Are Antidepressants Helping or Hurting?

antidepressants

Researchers conclude antidepressants do not help patients with mild to moderate depression much more than an inactive placebo. This post from Reset.me sheds light on the findings of a meta-analysis conducted to establish the impact of antidepressant medications on patients with less severe depression.

It appears that the antidepressant drug you may be taking is probably no more effective than taking a sugar pill. A “meta-analysis” study (a large study which looks at lots of smaller studies), published in 2010 in the Journal of the American Medical Association, has revealed exactly this; Six separate studies were combined into one to look into the effectiveness of antidepressants, and the results have shown that you may be better off treating the underlying causes of your depression rather than the symptom itself. Indeed, looking at the results of the study, it seems mild to moderate depression might be better treated with alternatives to antidepressant drugs, which do not help patients much more than an inactive placebo, researchers said.

Combining data from these studies that examined the effectiveness of two commonly prescribed antidepressants — paroxetine (aka paxil) and imipramine (aka Tofranil) — found the drugs produced benefits only slightly greater than a placebo in patients with mild to moderate depression.

placebo-pills

“They would have done just as well or just about as well with a placebo,” said Robert DeRubeis, a psychologist at the University of Pennsylvania, Philadelphia, who with colleagues performed the meta-analysis.
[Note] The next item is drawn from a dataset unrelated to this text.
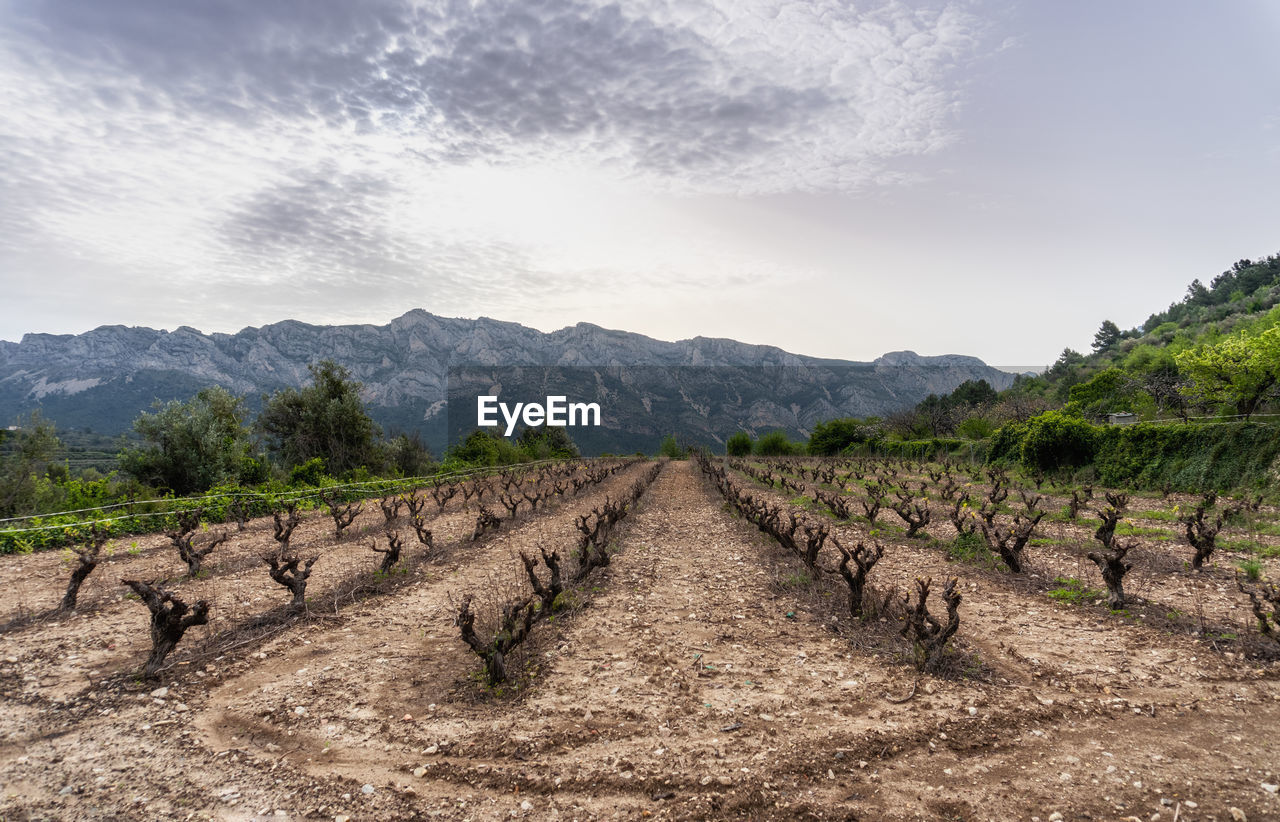 Field of vineyards in hibernation, with mountains in the background.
Paroxetine is one of a popular class of drugs, selective serotonin reuptake inhibitors, and is sold under the brand name Paxil by GlaxoSmithKline. Imipramine is an older tricyclic antidepressant drug developed in the 1950s. 
The so-called placebo effect is powerful in treating depression, where people believe they are helped even though they are taking an inactive sugar pill, DeRubeis said.

In the study, which involved nearly 800 patients, researchers found the drugs’ impact was noticeably stronger than a placebo in people diagnosed with very severe cases of depression. Using a scoring system for depression where a diagnosis of 24 or above indicates a very severe case, the researchers said patients treated with drugs saw their scores drop by 13 points, compared to a drop of 9 points for those given a placebo. But for those with initial depression scores of 23 or below the drop averaged 8 points for those given antidepressants and 7 points for those given a placebo. Roughly half of those prescribed antidepressants fit into the mild to severe categories.

“Our data should give some pause to doctors and patients weighing antidepressants,” Dr. DeRubeis said in an interview. “They should give some consideration to other alternatives.” Exercise has been shown to be helpful to stem depression, as does psychotherapy, and even “self-treatment” with the aid of the plethora of self-help literature, he said.

At least 27 million American people take antidepressants, nearly double the number that did in the mid-1990s, according to a study by Columbia University and University of Pennsylvania researchers reported in the Archives of General Psychiatry. More than 164 million prescriptions for antidepressants were written in 2008, totaling nearly $10 billion in U.S. sales, according to IMS Health. Global sales were twice that.